# MY HAFLINGER DRAWING> WHAT DO YOU THINK???



## sparky (Dec 14, 2006)

Thats really good  The only tips that i could only give you, is to try shading with the muscles. So its darker there, and if its done properly, it can really make a huge difference to the picture.


----------



## Miischiief (Jan 22, 2007)

OMG!

looks authentic  (good thing!)


----------



## Quebeth (Feb 27, 2007)

Thanks for the comments


----------



## Fancy Girl Haflinger (Jan 7, 2009)

Its better than i can do great job


----------



## ridingismylife2 (Nov 4, 2008)

WOW! thats really good.
i agree about more shading but otherwise it's really good


----------



## masatisan (Jan 12, 2009)

The horse is rather good, but the halter looks like it needs some work still, (under the chin and over the nose) so that it dosen't look embedded into his skin. Would it be possible for you to load your ref. pic?

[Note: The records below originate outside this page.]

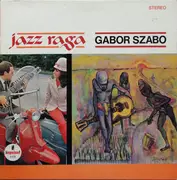 LP - Gabor Szabo - Jazz Raga - Gatefold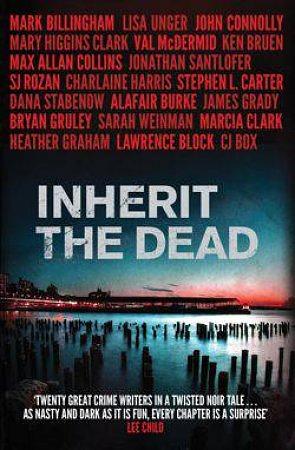 Inherit the Dead by S.J. Rozan, John Connolly, Sarah Weinman, Stephen L. Carter, Dana Stabenow, Charlaine Harris, Marcia Clark, James Grady, Alafair Burke, Bryan Gruley, Lisa Unger, C.J. Box, Lawrence Block, Lee Child, Val McDermid, Ken Bruen, Max Allan Collins, Heather Graham, Mark Billingham, Jonathan Santlofer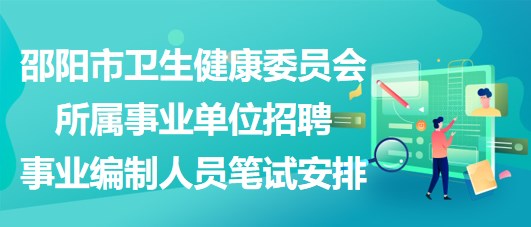 邵陽(yáng)市衛(wèi)生健康委員會(huì)所屬事業(yè)單位招聘事業(yè)編制人員筆試安排 邵陽(yáng)市衛(wèi)生健康委員會(huì)所屬事業(yè)單位招聘事業(yè)編制人員筆試安排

I would love to see it!


----------



## XxXequinegrlXxX (May 24, 2008)

it looks great!! .. def. better than i can do hehe

but here are some suggestions:
-make the ears a tad bit bigger
-shading
-and make that halter a bit thicker 

other than that great !!!!


----------



## my2geldings (Feb 18, 2008)

Great drawing


----------